To fully understand what this means, one must understand what “story space” means. A passing familiarity with Australian rules football itself would probably help, too. Suffice it to say that the game combines some of the physical gameplay of rugby with the straight-up magic of quidditch.

The Newscripts gang will let Dodds tackle the definition of story space: “There’s a story that unfolds whenever a game is played,” he says. “Each game fits into a narrative, from the great comeback to the total thrashing.” By looking at how the scores of contests evolved with data detailed down to the second, Dodds and colleagues could look for themes in how Aussie rules football plays out. With the help of computers, they categorized hundreds of games and found that the sport could not be explained with a discrete set of storylines.

Not only were there blowouts and nail-biting comebacks, but everything in between. The researchers also compared the story space they observed in the data with a computer model that simulated games with a random-walk algorithm. What they found was that this random model overproduced certain stories and underrepresented others.

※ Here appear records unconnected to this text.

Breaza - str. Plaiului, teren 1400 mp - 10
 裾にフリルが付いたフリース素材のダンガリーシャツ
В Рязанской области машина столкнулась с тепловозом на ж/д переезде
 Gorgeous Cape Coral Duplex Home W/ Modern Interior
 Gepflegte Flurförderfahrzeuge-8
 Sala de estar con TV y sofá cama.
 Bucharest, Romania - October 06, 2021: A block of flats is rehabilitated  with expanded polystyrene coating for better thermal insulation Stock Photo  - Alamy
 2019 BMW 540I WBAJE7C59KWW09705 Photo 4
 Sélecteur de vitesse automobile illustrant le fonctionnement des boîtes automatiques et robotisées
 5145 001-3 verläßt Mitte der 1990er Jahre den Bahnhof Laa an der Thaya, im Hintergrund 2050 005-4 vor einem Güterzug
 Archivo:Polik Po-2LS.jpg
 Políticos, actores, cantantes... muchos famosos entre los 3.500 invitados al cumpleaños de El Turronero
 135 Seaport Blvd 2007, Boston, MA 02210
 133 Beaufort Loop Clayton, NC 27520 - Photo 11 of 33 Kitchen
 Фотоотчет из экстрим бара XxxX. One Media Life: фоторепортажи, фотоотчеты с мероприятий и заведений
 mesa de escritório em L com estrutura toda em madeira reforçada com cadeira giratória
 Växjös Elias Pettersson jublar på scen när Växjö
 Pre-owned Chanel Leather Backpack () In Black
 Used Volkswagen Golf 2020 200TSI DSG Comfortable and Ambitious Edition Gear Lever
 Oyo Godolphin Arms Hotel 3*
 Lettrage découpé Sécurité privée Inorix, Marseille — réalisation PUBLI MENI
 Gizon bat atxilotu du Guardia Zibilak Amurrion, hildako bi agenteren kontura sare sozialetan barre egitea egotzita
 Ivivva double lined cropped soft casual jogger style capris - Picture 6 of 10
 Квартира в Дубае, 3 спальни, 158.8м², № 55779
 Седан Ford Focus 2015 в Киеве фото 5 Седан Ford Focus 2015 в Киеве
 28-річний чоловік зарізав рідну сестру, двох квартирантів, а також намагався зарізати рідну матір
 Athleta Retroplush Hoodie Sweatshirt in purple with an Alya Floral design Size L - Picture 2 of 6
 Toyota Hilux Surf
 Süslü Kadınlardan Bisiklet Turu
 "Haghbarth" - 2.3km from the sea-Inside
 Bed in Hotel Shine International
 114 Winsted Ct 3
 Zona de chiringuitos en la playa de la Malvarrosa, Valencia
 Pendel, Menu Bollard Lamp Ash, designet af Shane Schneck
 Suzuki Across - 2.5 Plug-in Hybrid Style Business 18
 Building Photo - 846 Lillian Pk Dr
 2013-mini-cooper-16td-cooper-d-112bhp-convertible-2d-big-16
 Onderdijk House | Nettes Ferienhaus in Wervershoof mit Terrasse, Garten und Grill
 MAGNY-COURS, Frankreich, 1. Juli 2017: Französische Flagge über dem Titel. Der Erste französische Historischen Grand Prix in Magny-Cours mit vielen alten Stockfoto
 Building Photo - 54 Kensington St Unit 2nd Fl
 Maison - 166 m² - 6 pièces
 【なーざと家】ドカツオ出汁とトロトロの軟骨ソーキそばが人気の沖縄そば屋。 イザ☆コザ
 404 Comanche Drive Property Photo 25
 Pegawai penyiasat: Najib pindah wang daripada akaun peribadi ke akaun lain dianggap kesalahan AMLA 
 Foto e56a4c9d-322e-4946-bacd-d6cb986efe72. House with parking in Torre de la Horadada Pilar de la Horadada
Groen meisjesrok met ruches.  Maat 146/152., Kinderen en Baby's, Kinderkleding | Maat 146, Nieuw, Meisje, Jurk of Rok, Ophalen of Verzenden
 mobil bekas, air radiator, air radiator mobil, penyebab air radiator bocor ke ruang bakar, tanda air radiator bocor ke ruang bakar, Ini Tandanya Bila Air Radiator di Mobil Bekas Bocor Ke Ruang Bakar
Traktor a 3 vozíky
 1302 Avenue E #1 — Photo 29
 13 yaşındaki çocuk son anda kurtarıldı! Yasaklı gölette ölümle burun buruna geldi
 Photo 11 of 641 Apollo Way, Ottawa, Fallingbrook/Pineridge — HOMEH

Dodds and his colleagues are working on analyzing other sports, but he thinks this work underscores something about competition in general. “People go to the opera, they go to a concert, and they know what’s going to happen,” he says. “Sports can do really strange things.”

 

Spoiling spoilers

 

Spoiled rotten?
Credit: Fig. 1 by University of California
Hear more from Christenfeld on his research into spoilers in this video.

Of course, knowing how an opera, play, or book ends doesn’t preclude someone from enjoying the artistry of the storytelling. Yet people firmly believe that a story can be spoiled by someone giving away its ending.

And in today’s era of on-demand movies and television when viewers aren’t watching the same things at the same time, spoilers have become only more problematic. At least that’s the perception. But it’s not the reality, according to spoiler-spoiling research led by Nicholas J. S. Christenfeld, a psychologist at the University of California, San Diego.

Participants in the research project read famous short stories, such as “The Lottery” by Shirley Jackson, for the first time and then told researchers how much they enjoyed them. To set up the experiment, the researchers casually gave away the ending to some readers but let others read without spoilers. The spoilers did not spoil a reader’s enjoyment of the story, and furthermore, spoiled readers enjoyed the stories more, the psychologists found (Psychol. Sci. 2011, DOI: 10.1177/0956797611417007).

In another experiment, however, researchers added a passage to classic texts that gave away the ending, which did detract from a reader’s enjoyment, Christenfeld says. “We can’t improve the greatest short stories of all time by adding a spoiler,” he admits. “Apparently, these authors knew what they were doing.”

Interestingly, about 10% of the population prefers knowing how something is going to end before it starts, Christenfeld tells Newscripts. This subset may immediately flip to the last page of a book or watch prerecorded sports games only after checking the final scores. This lets them enjoy the artistry or athleticism without the anxiety, Christenfeld explains.

But some people still vehemently believe that spoilers spoil things, even when confronted with Christenfeld’s findings. “This isn’t climate science, but I think I’m getting a taste of what climate scientists go through,” he says.

A photo shows a green screen that says “The following preview contains spoilers.”
Credit: Shutterstock/C&EN
Plot twist: Spoilers get a bum rap, according to psychologists.